Task item
The line with "A mother working" marks the first line to copy, and the line with "An outdoor information" marks the last. Transcribe that stretch of the data below exactly, without pictures.

• • • • •

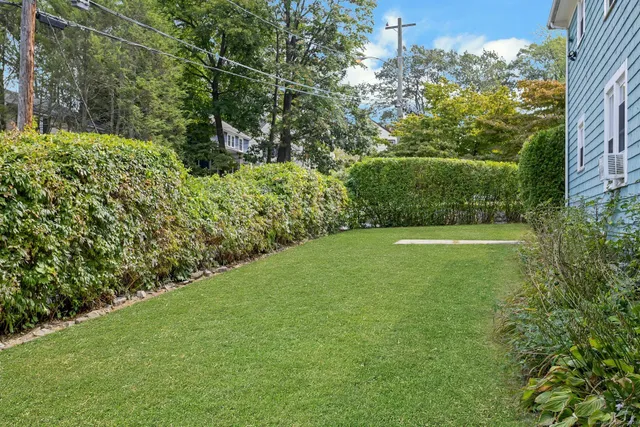 a view of a garden with a building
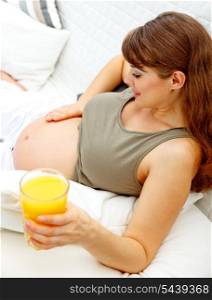 Beautiful pregnant female relaxing on sofa at home with glass of juice in hand&#xA;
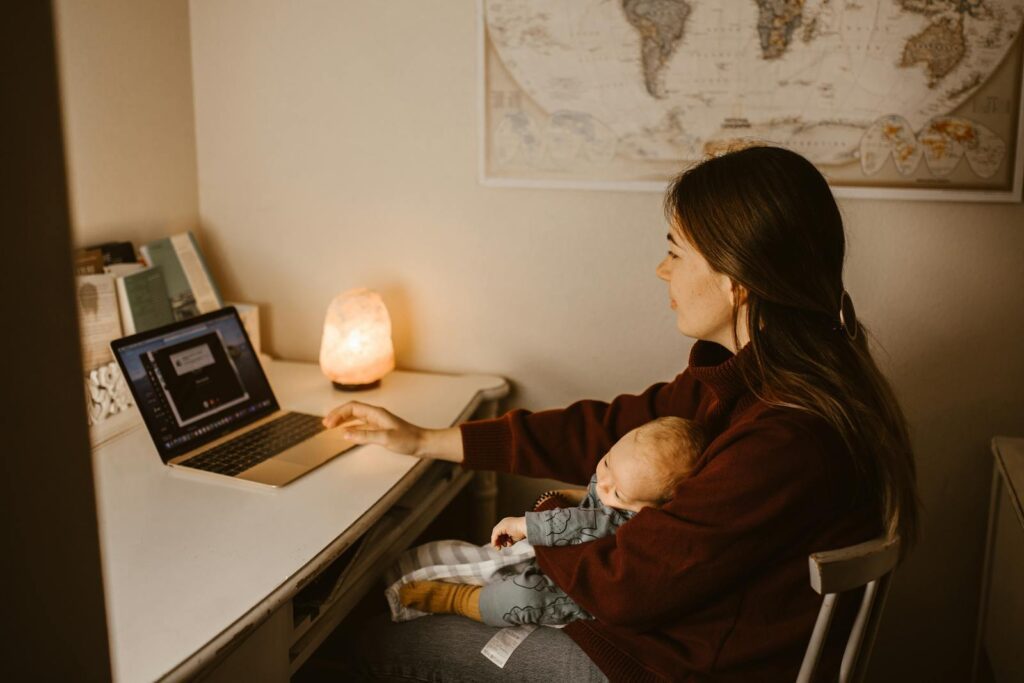A mother working on a laptop while holding her sleeping baby, creating a warm at-home atmosphere.
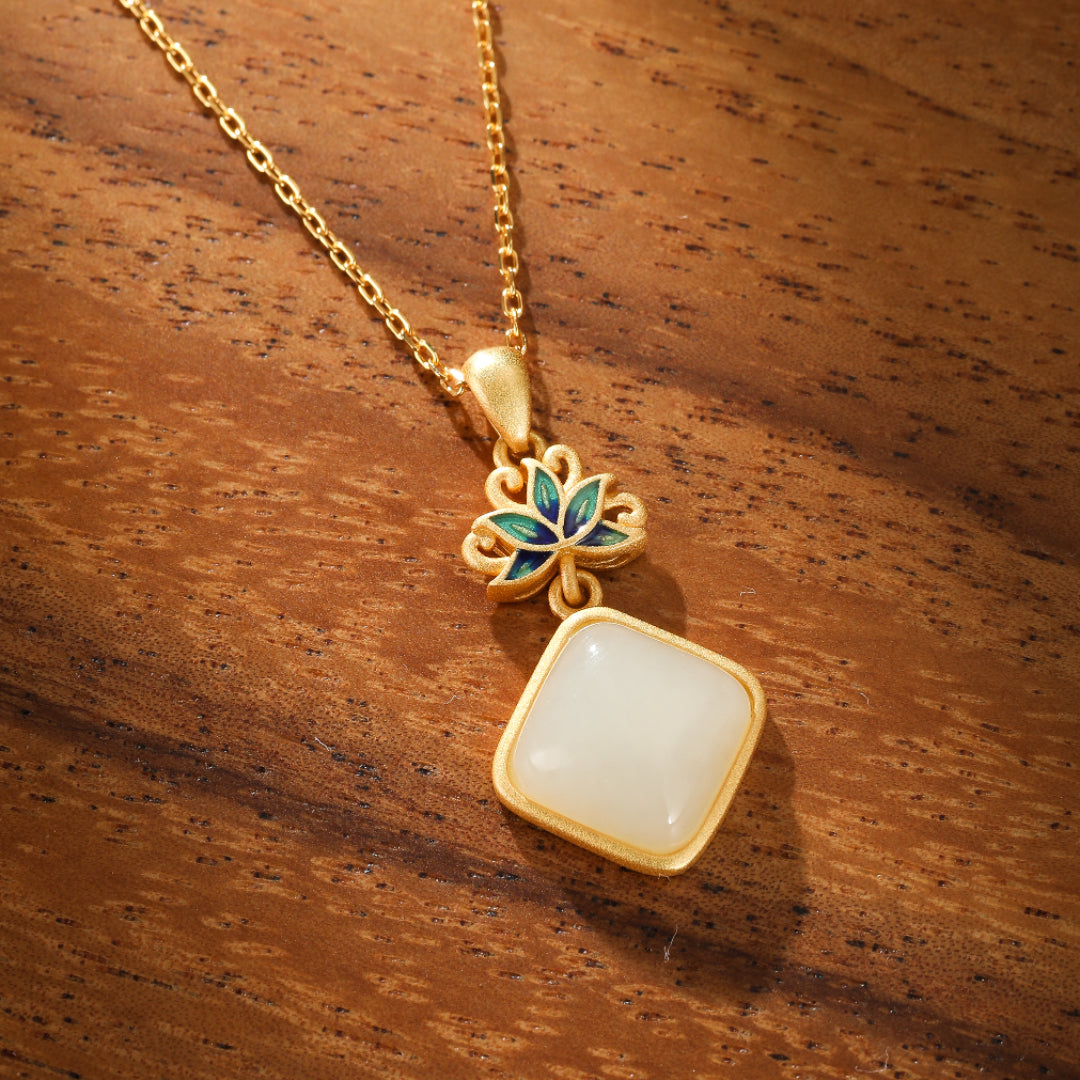 Ease Hetian Jade Lotus Pendant Necklace with blue enamel lotus detail on a gold-plated chain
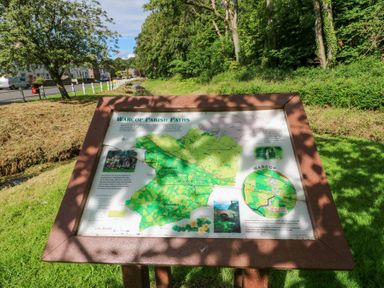 An outdoor information board displaying a map of Warcop Parish Paths beside a road and trees at 1 Brookside in Warcop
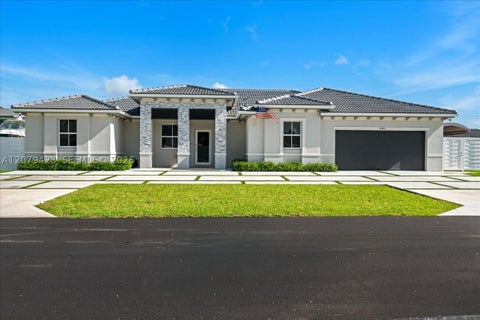 Photo of 19803 SW 321 Street, Homestead, FL 33030 (MLS # A12079423)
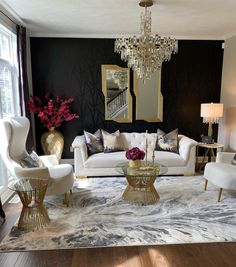 a living room filled with white furniture and a chandelier hanging from the ceiling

• • • • •

Task answer
A mother working on a laptop while holding her sleeping baby, creating a warm at-home atmosphere.
 Ease Hetian Jade Lotus Pendant Necklace with blue enamel lotus detail on a gold-plated chain
 An outdoor information board displaying a map of Warcop Parish Paths beside a road and trees at 1 Brookside in Warcop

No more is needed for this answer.